◆ What is being asked ◆
Please repeat only the lines below starting at the line that holds "Exterior - 338" and ending at the line that holds "Salted Seascape &", exactly, with both of those lines included and every picture omitted.
[[ Data for processing open ]]
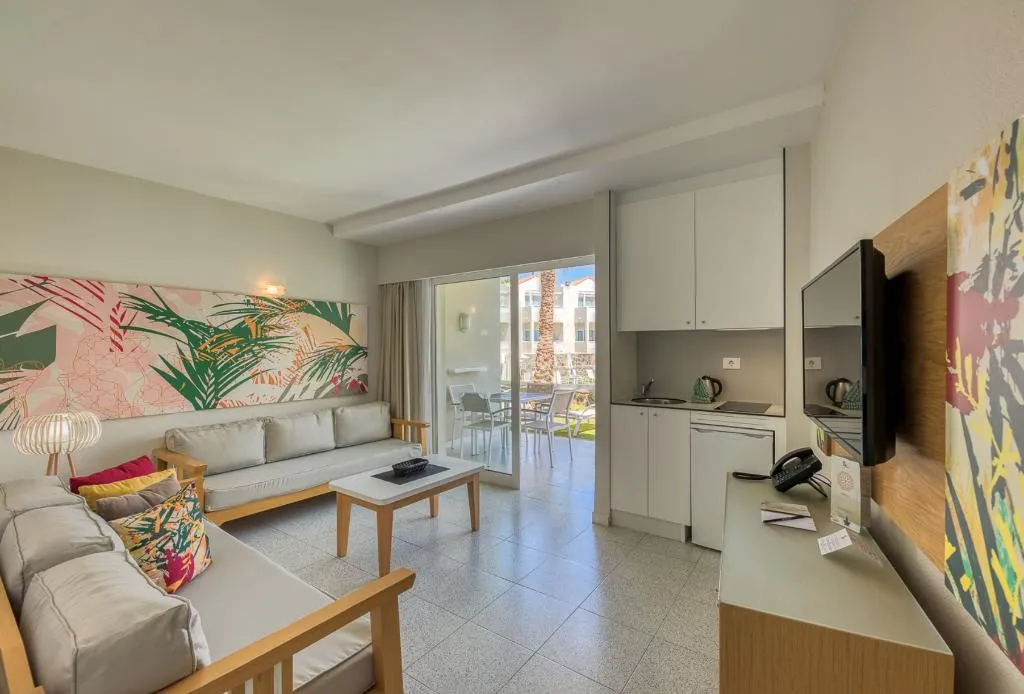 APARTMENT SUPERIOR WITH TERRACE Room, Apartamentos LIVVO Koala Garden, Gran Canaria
[[ Data for processing closed ]]
[[ Data for processing open ]]
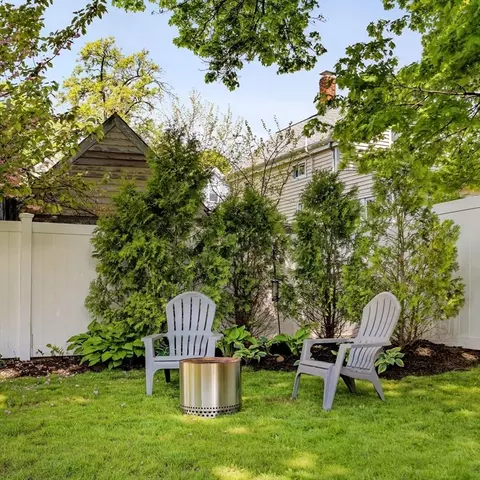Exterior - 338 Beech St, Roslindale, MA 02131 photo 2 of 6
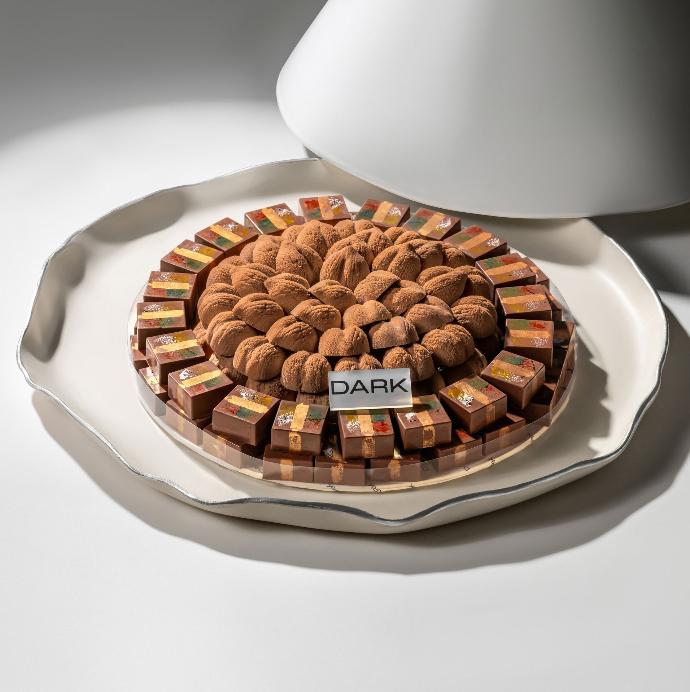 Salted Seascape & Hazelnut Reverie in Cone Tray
[[ Data for processing closed ]]
[[ Data for processing open ]]
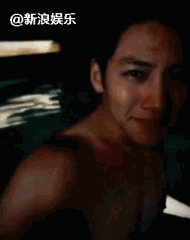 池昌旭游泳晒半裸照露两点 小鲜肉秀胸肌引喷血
[[ Data for processing closed ]]
◆ Output of the exercise ◆
Exterior - 338 Beech St, Roslindale, MA 02131 photo 2 of 6
 Salted Seascape & Hazelnut Reverie in Cone Tray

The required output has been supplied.